Like so many other things, I make pesto by rote so I’m going to borrow Ina Garten’s recipe and provide my own smartass commentary tricks.

  • 1/4 cup walnuts (I don’t use walnuts in pesto, nor do I like mint in pesto)
  • 1/4 cup pignolis (oh yes, and I toast them beforehand, and it’s more like…um…3/4 cup because I do love me some pignolis and what I don’t use in the pesto, I’ll eat myself)
  • 3 tablespoons chopped garlic, about 9 cloves (right on, but here’s my trick:  I smash the cloves and saute them in olive oil first.  I love pesto but the raw garlic in it just kills me.  I don’t love pesto enough to be still tasting it 2 hours later, know what I mean?  So I got the idea to caramelize the garlic first to take the edge off and see if it helped.  Oh it helped.  Howling success)
  • 5 cups fresh basil leaves, packed (naturally)
  • kosher salt and freshly ground pepper (yep, and don’t leave it out)
  • 1 1/2 cups good olive oil (yes, but I can’t verify the measurement, I just stream it into the food processor until the pesto looks right)
  • 1 cup freshly grated Parmesan (too much; I start with about 1/3 cup and fiddle from there)

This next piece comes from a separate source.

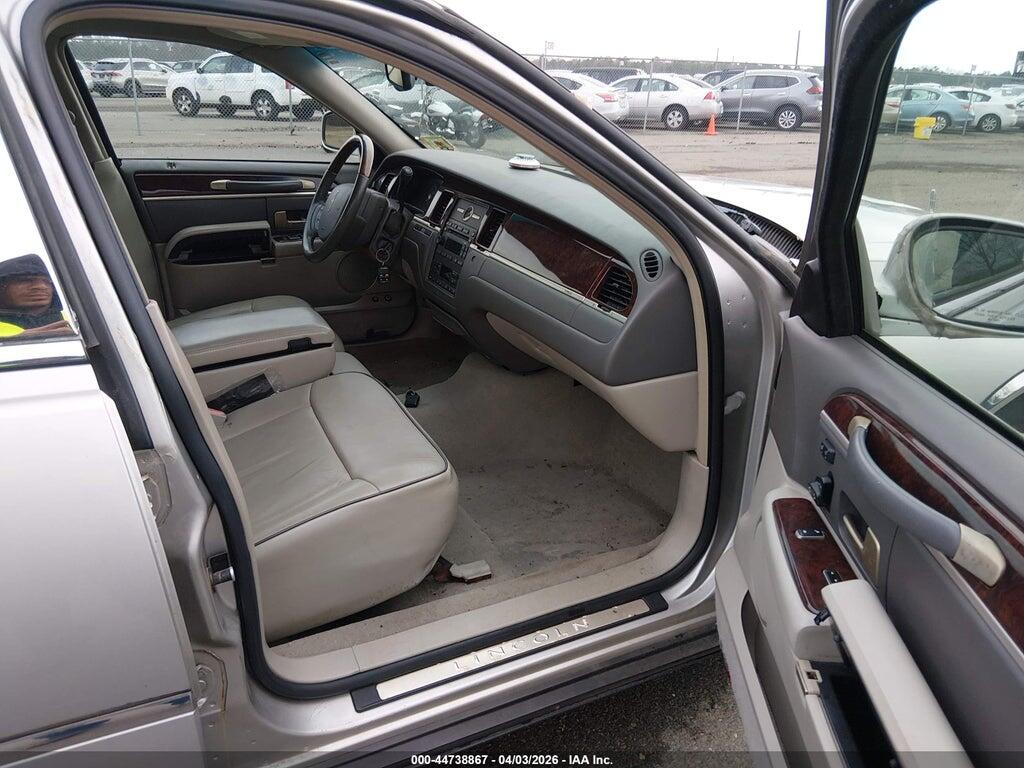 1LNHM83W96Y609471 2006 LINCOLN TOWN CAR photo no. 5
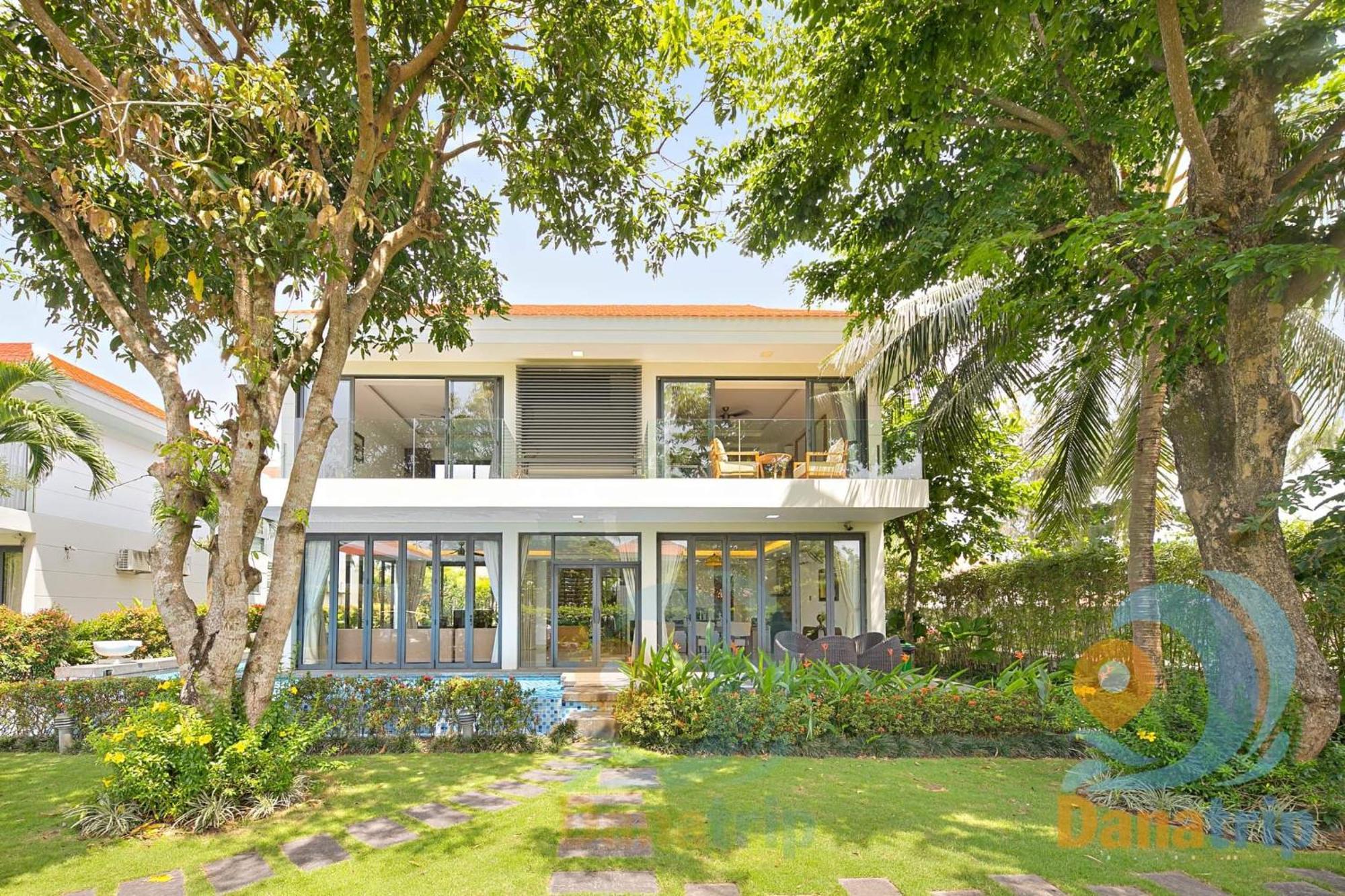 Memories Holiday Beach Villa Da Nang Exterior photo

If so desired, toast the pine nuts in a skillet over low heat.  Babysit them because they will burn easily.  I once watched an Iron Chef episode where the challenger burned the pignolis not once, not twice, but three times.  They lost.

Also if desired, smash the garlic cloves with the blade of your knife and saute them in a little oil until soft and caramelized.

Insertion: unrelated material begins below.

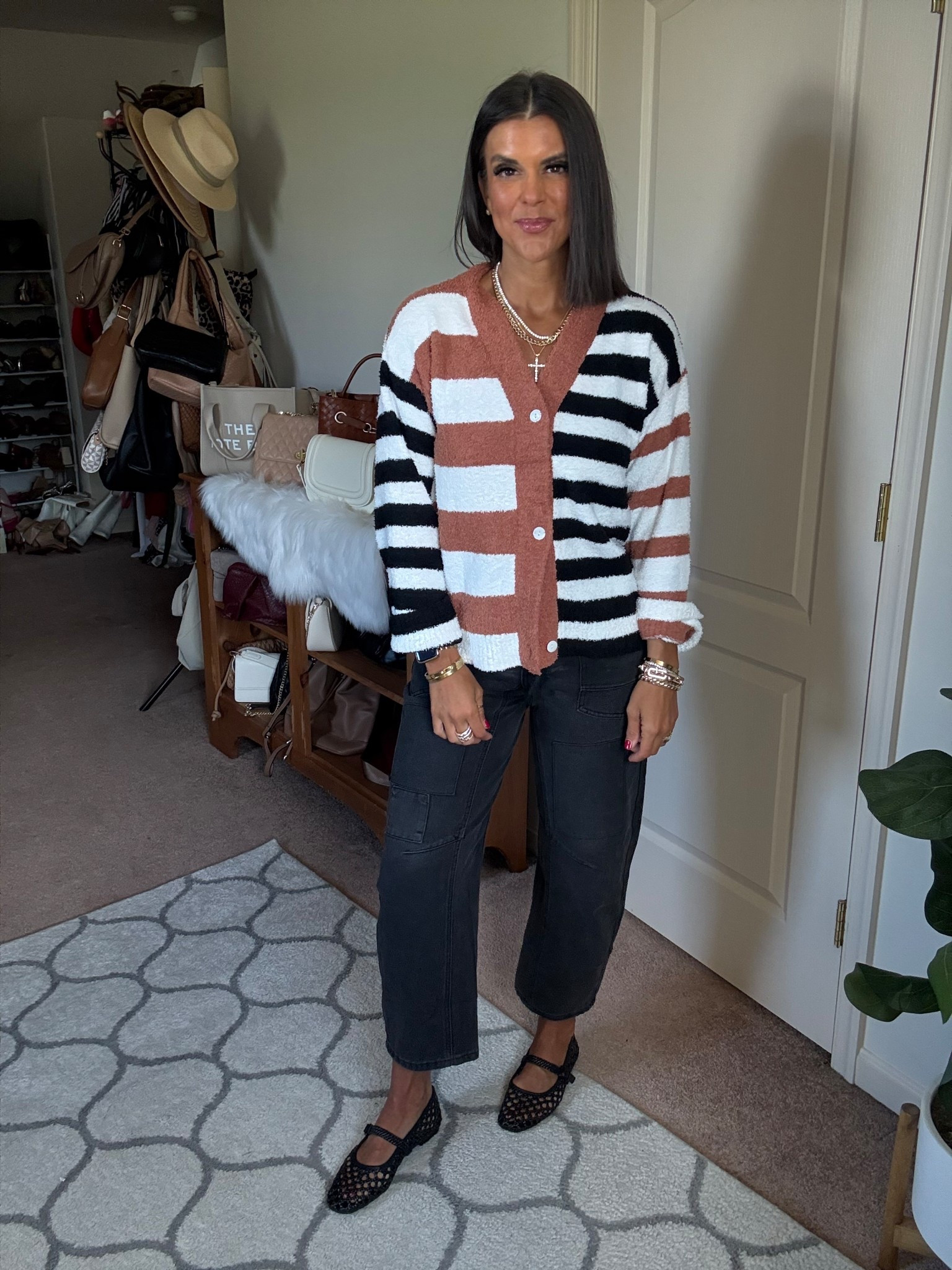 Size small in sweater size 2 in jeans 

#LTKSeasonal #LTKFindsUnder100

Place the pignolis and garlic in the bowl of a food processor fitted with a steel blade.  Process for 15 seconds.  Add the basil leaves, salt, and pepper.  With the processor running, slowly pour the olive oil into the bowl through the feed tube and process until the pesto is thoroughly pureed.  Add the Parmesan and puree for a minute.  Taste and fiddle with additional cheese and/or salt to taste.  I find if anything seems overpowering, a handful of baby spinach leaves tones things down.

Use right away or store the pesto in the refrigerator or freezer with a thin film of olive oil on top.